(Phrase grounding data)
☆ ☆ ☆ ☆ ☆ ☆ ☆
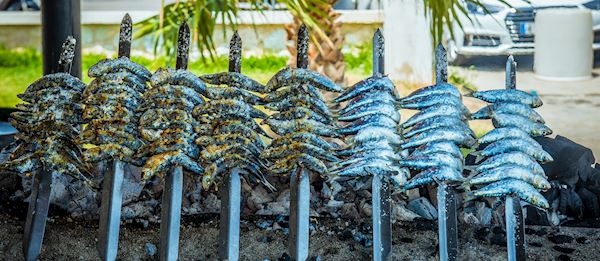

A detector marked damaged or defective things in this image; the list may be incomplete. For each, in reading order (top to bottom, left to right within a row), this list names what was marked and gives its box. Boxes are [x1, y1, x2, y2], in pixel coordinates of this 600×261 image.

rusty metal skewer [23, 35, 77, 260]
rusty metal skewer [96, 13, 132, 260]
rusty metal skewer [158, 20, 189, 260]
rusty metal skewer [218, 31, 244, 260]
rusty metal skewer [290, 23, 312, 258]
rusty metal skewer [370, 28, 394, 260]
rusty metal skewer [436, 43, 460, 258]
rusty metal skewer [504, 55, 528, 260]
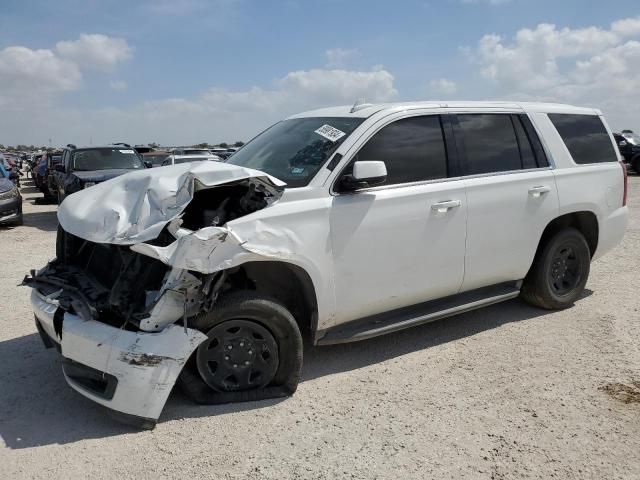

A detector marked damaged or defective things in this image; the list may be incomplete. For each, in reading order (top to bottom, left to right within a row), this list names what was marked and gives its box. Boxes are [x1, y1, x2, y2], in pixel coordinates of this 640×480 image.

wrecked vehicle [50, 142, 148, 202]
crushed front bumper [31, 286, 206, 426]
severe front damage [23, 162, 288, 428]
crumpled hood [58, 162, 284, 244]
wrecked vehicle [22, 100, 628, 428]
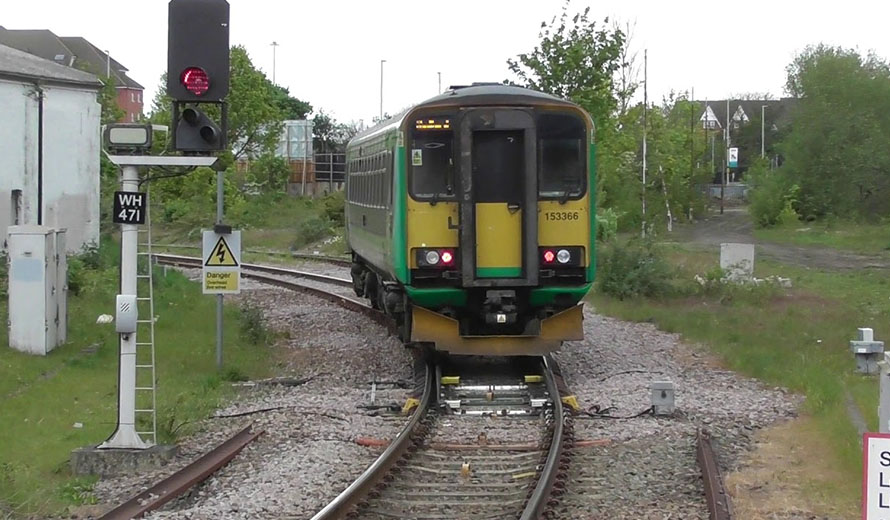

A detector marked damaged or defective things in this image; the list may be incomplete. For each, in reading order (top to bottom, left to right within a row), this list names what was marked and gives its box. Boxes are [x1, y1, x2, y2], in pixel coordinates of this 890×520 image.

rusty rail [100, 426, 262, 520]
rusty rail [696, 428, 732, 516]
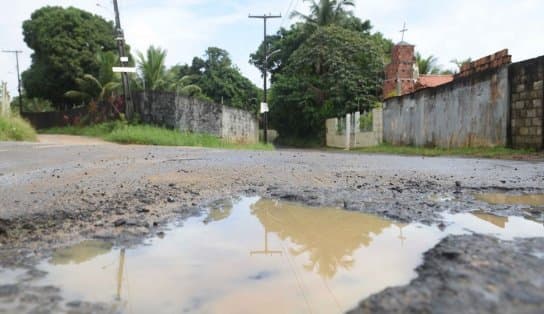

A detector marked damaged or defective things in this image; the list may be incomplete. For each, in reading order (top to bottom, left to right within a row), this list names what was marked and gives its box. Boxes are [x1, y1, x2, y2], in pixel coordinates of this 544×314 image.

pothole [3, 197, 544, 312]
☆ ☆ ☆ ☆ ☆ ☆ ☆
▶ _What the task requires_
Omit the pictures, and please restate word for word the lines running from the line with "this 890×520 image." to the end of the entries.

▶ _Reply_
A detector marked damaged or defective things in this image; the list may be incomplete. For each, in reading order (top to bottom, left to right within a row), this list names what was marked and gives its box. Boxes are [x1, y1, x2, y2], in pixel coordinates of this 890×520 image.

rusty rail [100, 426, 262, 520]
rusty rail [696, 428, 732, 516]

A detector marked damaged or defective things in this image; the list may be incomplete. For each, in reading order (top to bottom, left to right within a row), this list names what was marked and gives its box. Boxes are [x1, y1, x2, y2], in pixel coordinates of this 544×314 image.

pothole [3, 197, 544, 312]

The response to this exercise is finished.